To cook bear meat, you figure out first how old you think that bear was, because that will determine how you cook it. If it’s a young bear, you can cook it in exactly the same ways that you would cook either pork or beef, and that is the steaks can be grilled, broiled or even baked if that is your preference. In similar fashion, the other, less tender cuts can be cooked as a pot roast, stew or hammered and marinated to make it more tender.
For a bear that was a little older, you might want to try one steak first to see if it’s tender enough to grill; and if it’s not, you might instead use it as you would less tender cuts of beef. That is, you might cook it in a stew or hammer and marinate it.
For older bears, you’ll likely find that your best option is to cook it as you would pulled pork, as it will be too tough to cook and eat as is.

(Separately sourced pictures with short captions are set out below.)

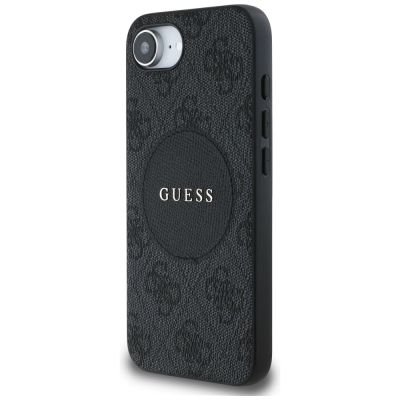 2. Guess 4G Circle Classic Logo MagSafe iPhone 16e Hülle - Schwarz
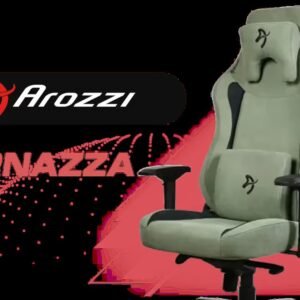 Arozzi Vernazza Supersoft Gaming Chair - Forest / Lumbar Support 4D Armrest / Rocking tilt up to 12° / Backrest tilts up to 165° / Aluminum wheelbase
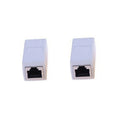 RJ45 Female to Female Network Ethernet Connector Adapter Coupler Extender White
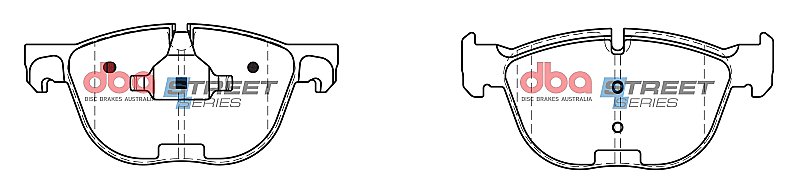 DBA Street Series Ceramic Brake Pads 171.2/170.2mm x 76.9/76.9mm DB2006SS - Front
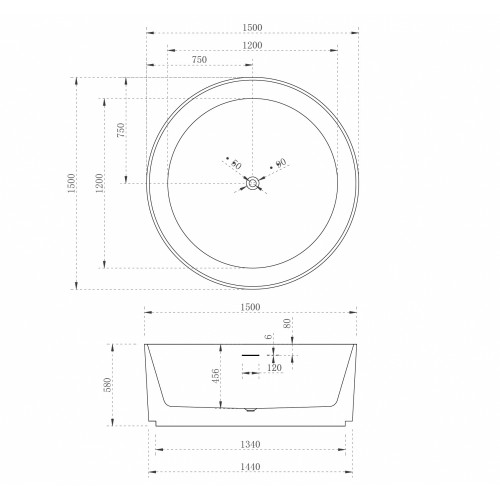 Акриловая ванна ABBER AB9442 белая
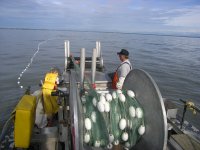 Tori in training & grandpa -2004.JPG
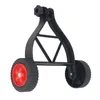 A black and red garden tool accessory with wheels, isolated on a white background. Náhled obrázku produktu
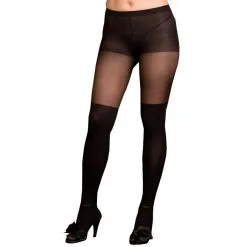 PANTYHOSE SHEER BLACK QUEEN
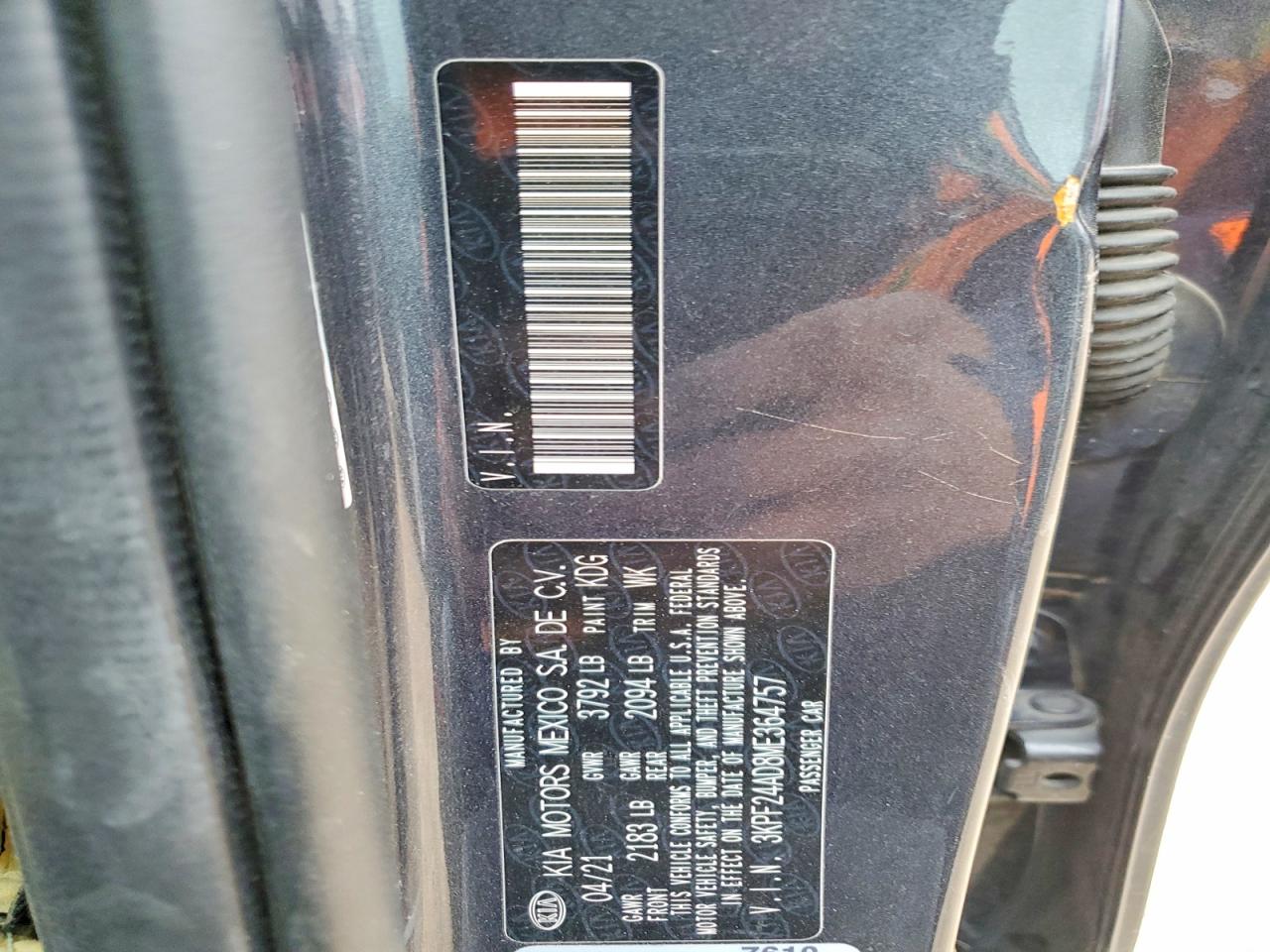 2021 KIA FORTE FE photo 13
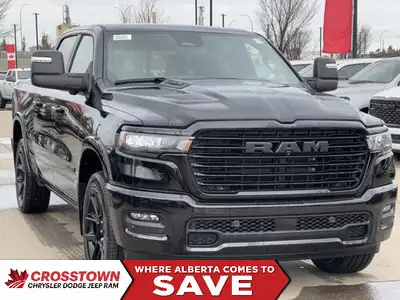 This 2025 RAM 1500 LARAMIE CREW CAB 4X4 has the following options Leather Trimmed Bucket Seats, Remo...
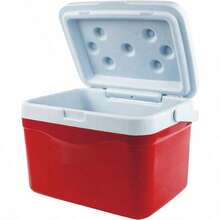 Guateplast - Hielera portátil de 5 litros (5.2 QT) | Capacidad para 6 latas | Cooler | Enfriador Resistente y liviano | Hielo - Rojo - Ver 1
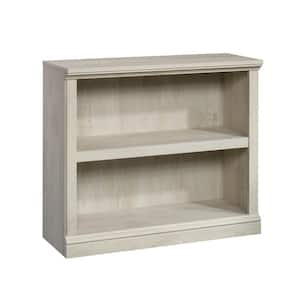 29.92 in. Chestnut Wood 2-shelf Standard Bookcase with Adjustable Shelves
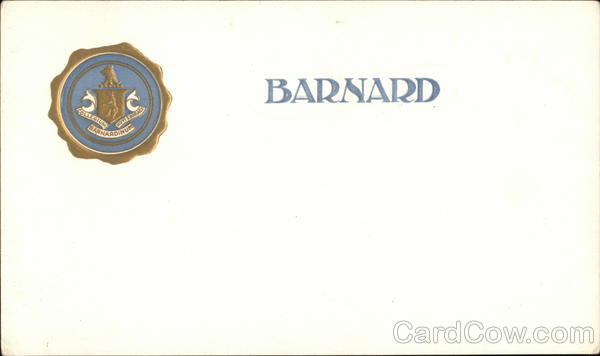 Barnard College New York City College Seals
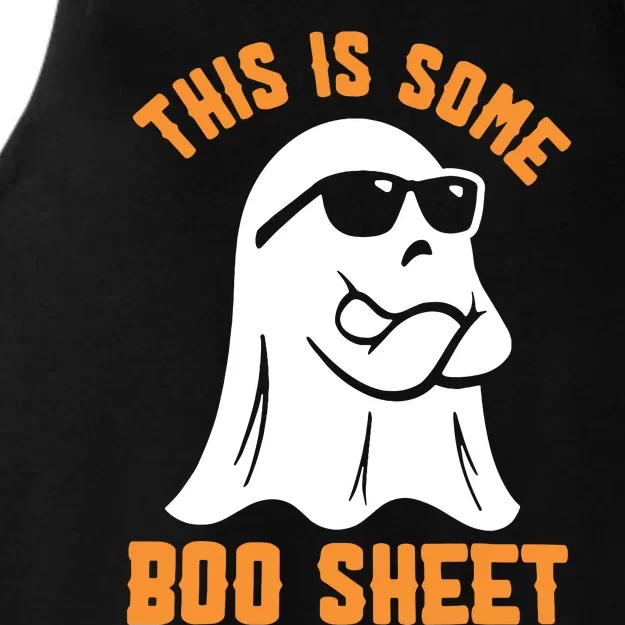 This Is Some Boo Sheet Halloween Ghost Funny Gift Ladies Tri-Blend Wicking Tank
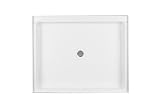 Swanstone R-3442-010 34-Inch by 42-Inch by 5-1/2-Inch Single Threshold Shower Floor, White Finish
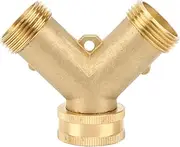 1/4 Inch Garden Tap Hose Splinter Hose Connection 2-Way High-Performance Measuring Adapter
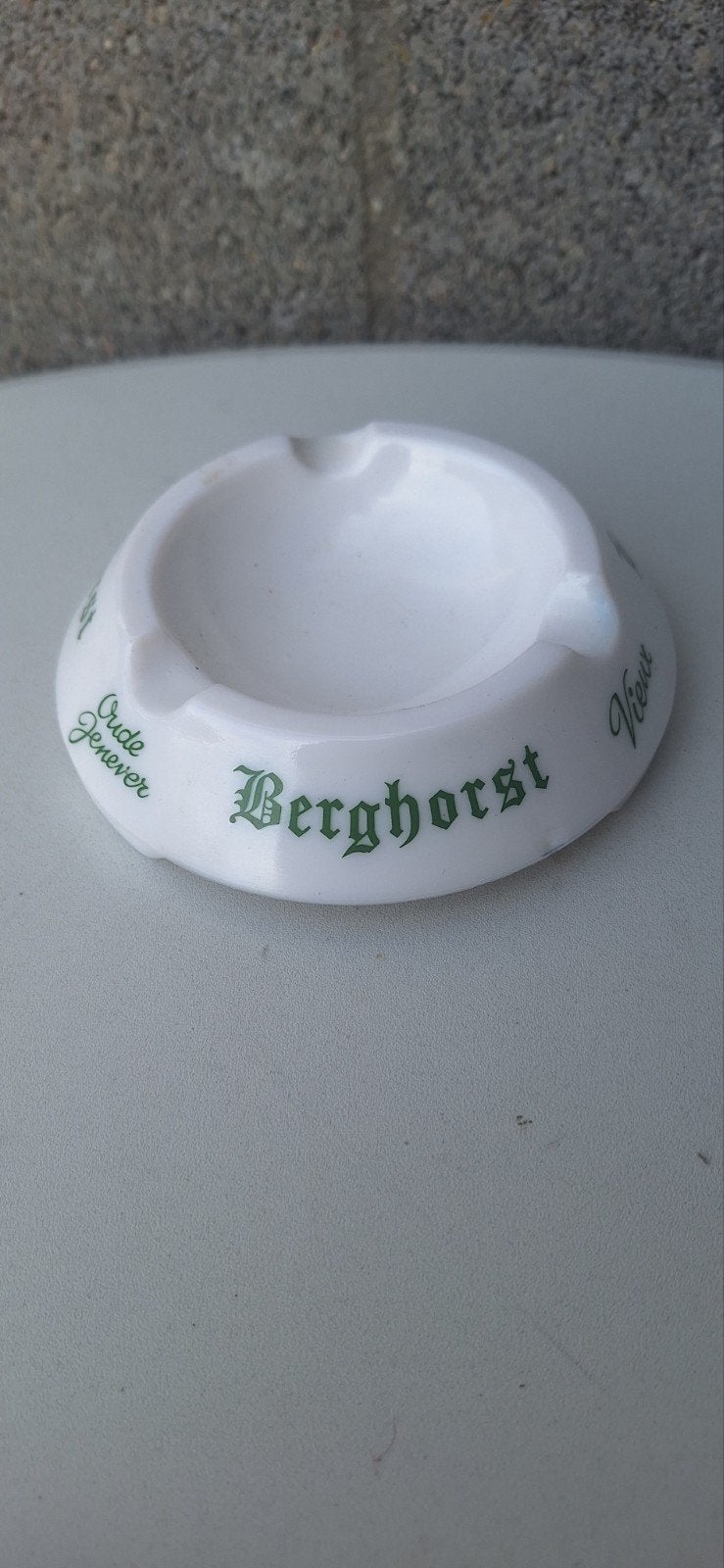 Berghorst jenever asbak (27926), Verzamelen, Gebruiksvoorwerp, Geldt & nederlof, ., Ophalen of Verzenden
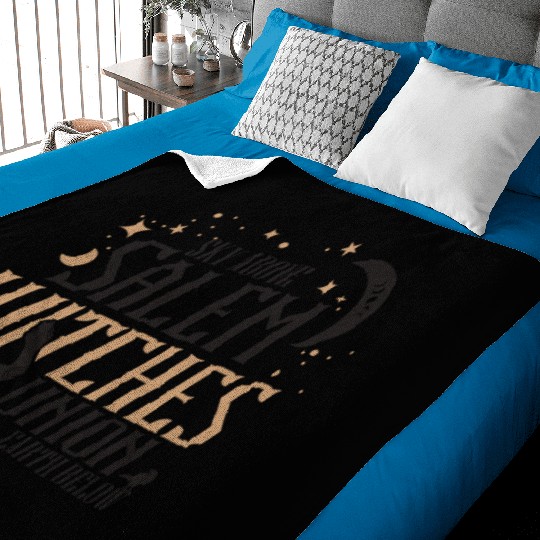Salem Witches Union Black Baby Blankets
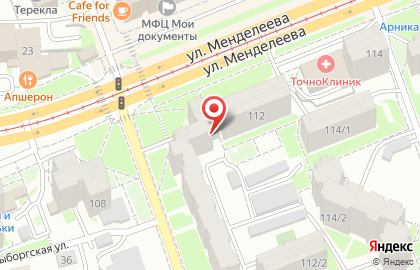 Центр страхования Мобис Центр на улице Менделеева на карте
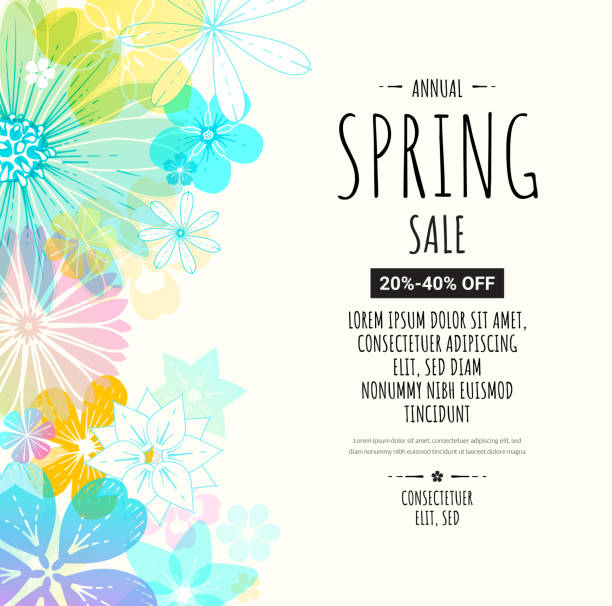 floral background - spring background stock illustrations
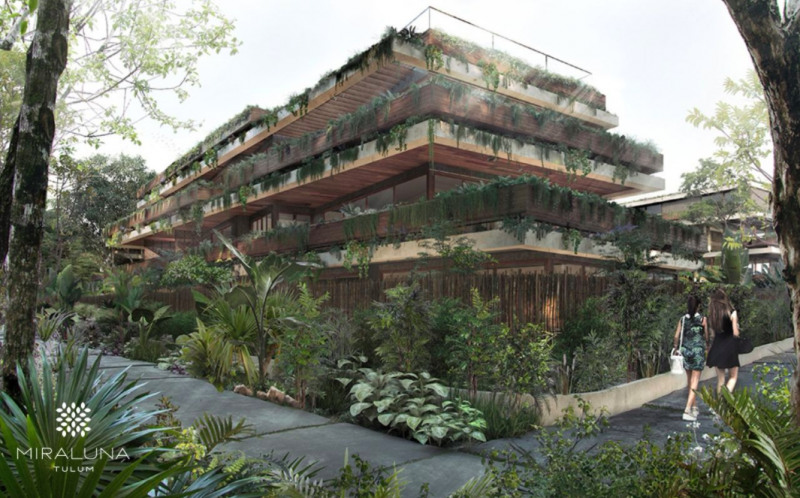 Planta Baja con jardín y piscina en Essentia Tulum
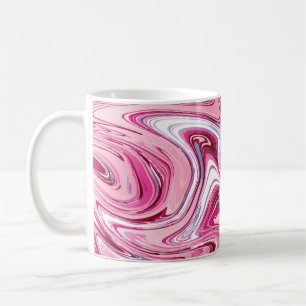 Caneca De Café Fundo de textura mármore. Textura líquida de má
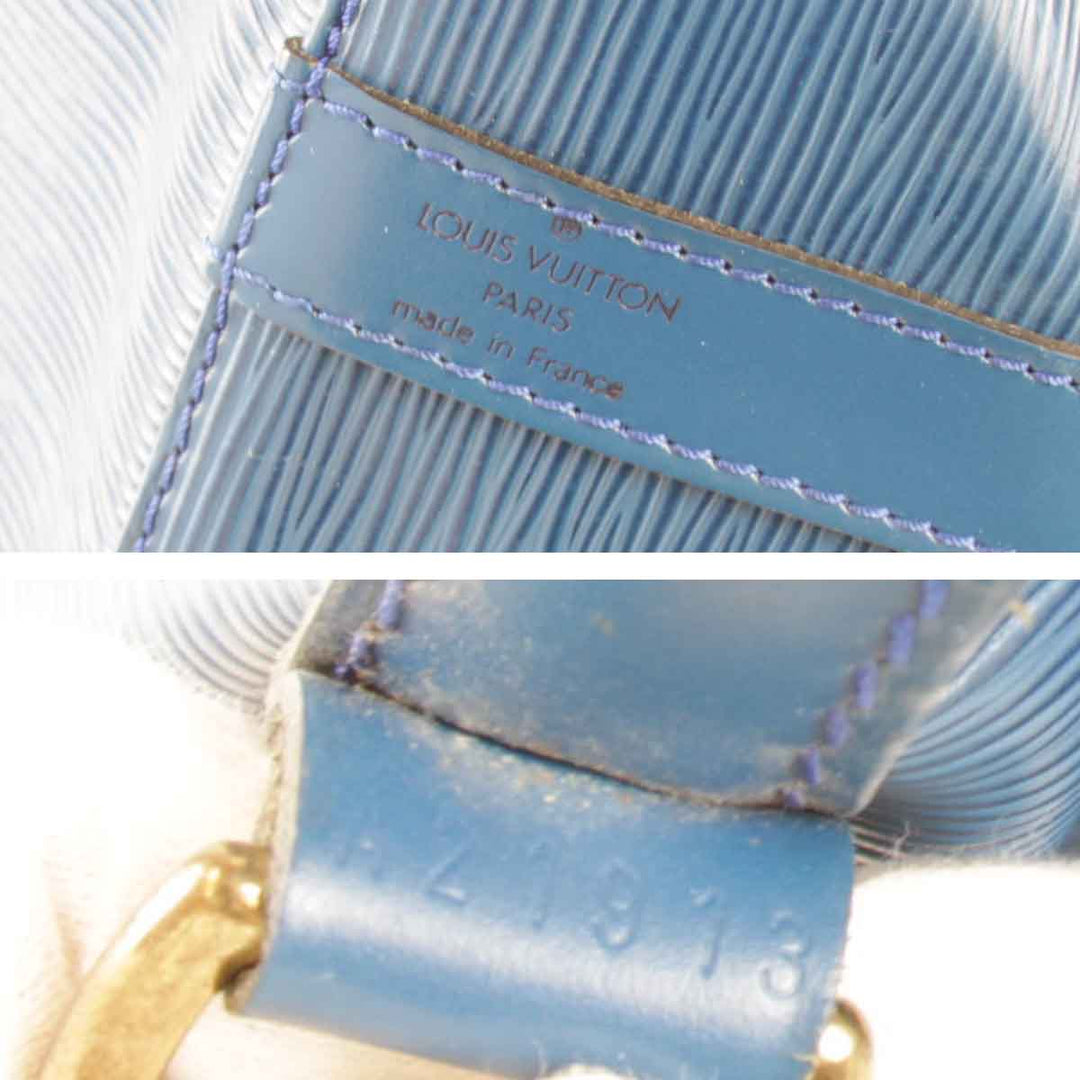 『USED』 
LOUIS VUITTON ルイ・ヴィトン 
 ノエ M44005 ショルダーバッグ 
エピレザー ブルー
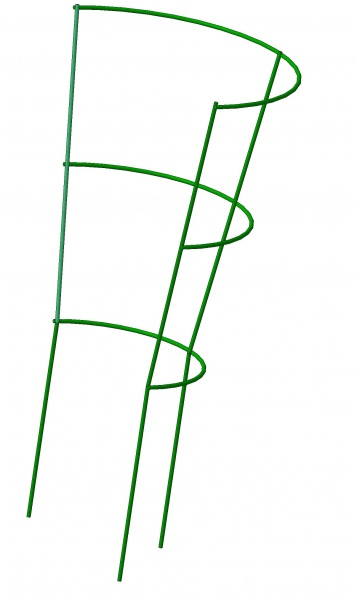 Опора для рослин напівпіраміда 350 мм (зелена)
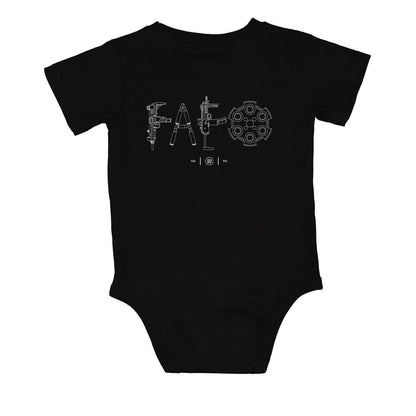 F Around & Find Out FAFO Detailed Onesie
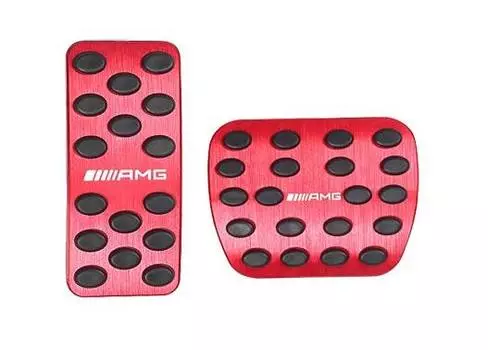 Накладки на педали, красный Auto Clover AUVE00128 Mersedes GLB 2019-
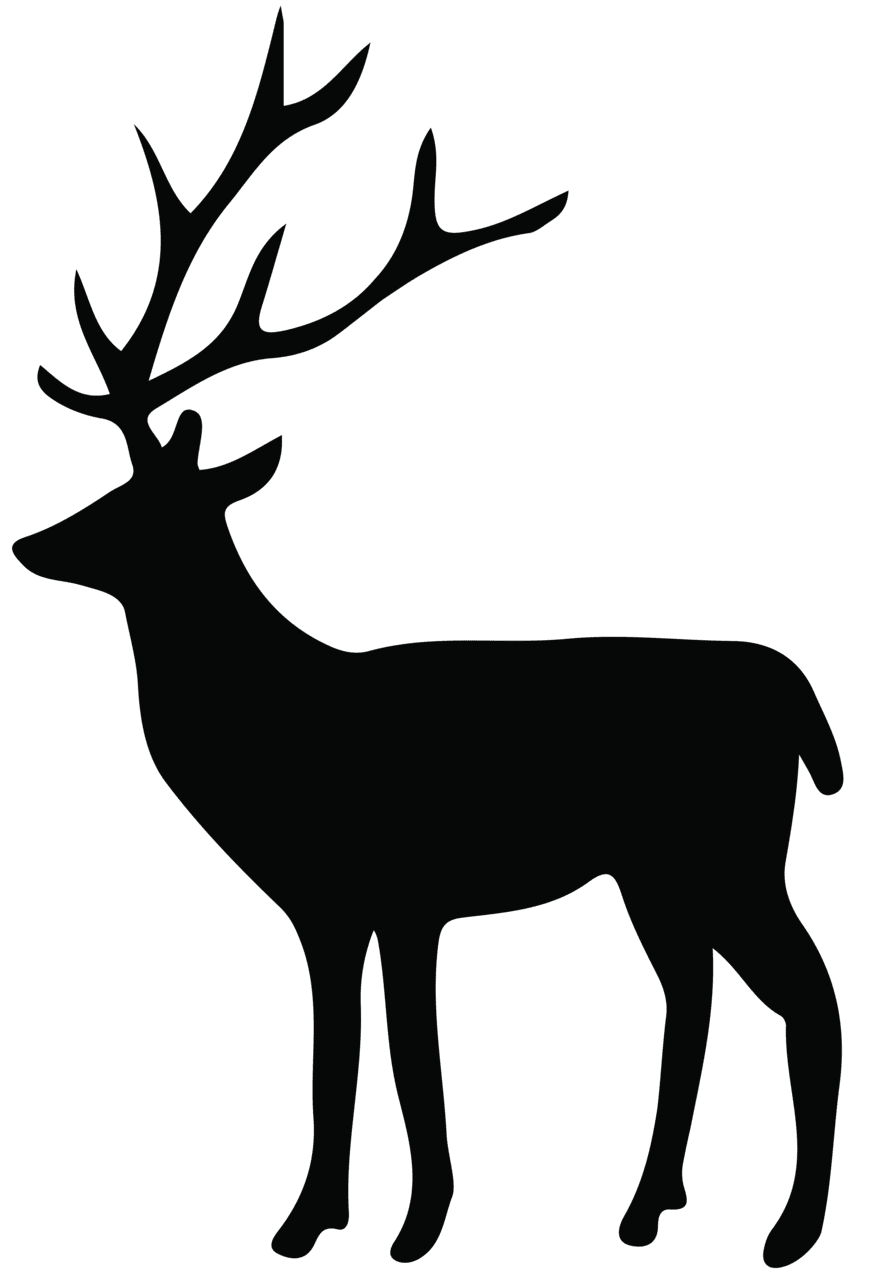 Reindeer deer silhouette clipart image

There is one striking caveat here, and that is for those that are thinking of grinding the meat into hamburger. In most cases, this won’t work as well as you’d think because of the uniqueness of bear fat. And that uniqueness is that it tends to emit an unpleasant odor when cooked. You could remove all the fat from the hamburger before grinding, but then it wouldn’t hold together, which means you’d be right back to making a pulled pork type dish anyway. Also, it might well be noted that when cooking bear meat in general, it’s best to remove as much of the fat as possible before doing so, due to the odor when cooking. It’s an interesting thing how the meat can taste so good when it’s eaten, but smell bad when it’s cooking, but that’s just one of those odd facts of life.